*** PROVIDED RECORDS Section Begins ***

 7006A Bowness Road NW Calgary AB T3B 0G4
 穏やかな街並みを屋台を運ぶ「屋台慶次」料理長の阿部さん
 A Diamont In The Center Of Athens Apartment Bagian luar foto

*** PROVIDED RECORDS Section Ends ***
*** PROVIDED RECORDS Section Begins ***

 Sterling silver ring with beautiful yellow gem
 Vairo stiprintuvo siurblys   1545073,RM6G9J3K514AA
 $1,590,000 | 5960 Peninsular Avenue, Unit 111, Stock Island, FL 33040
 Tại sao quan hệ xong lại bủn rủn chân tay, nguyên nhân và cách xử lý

*** PROVIDED RECORDS Section Ends ***

__TO DO__. Out of the data above, set down the lines from the one with "Island, FL 33040" to the one with "Tại sao quan", both included, exactly as written and with no additions.

__ANSWER SECTION__.
 $1,590,000 | 5960 Peninsular Avenue, Unit 111, Stock Island, FL 33040
 Tại sao quan hệ xong lại bủn rủn chân tay, nguyên nhân và cách xử lý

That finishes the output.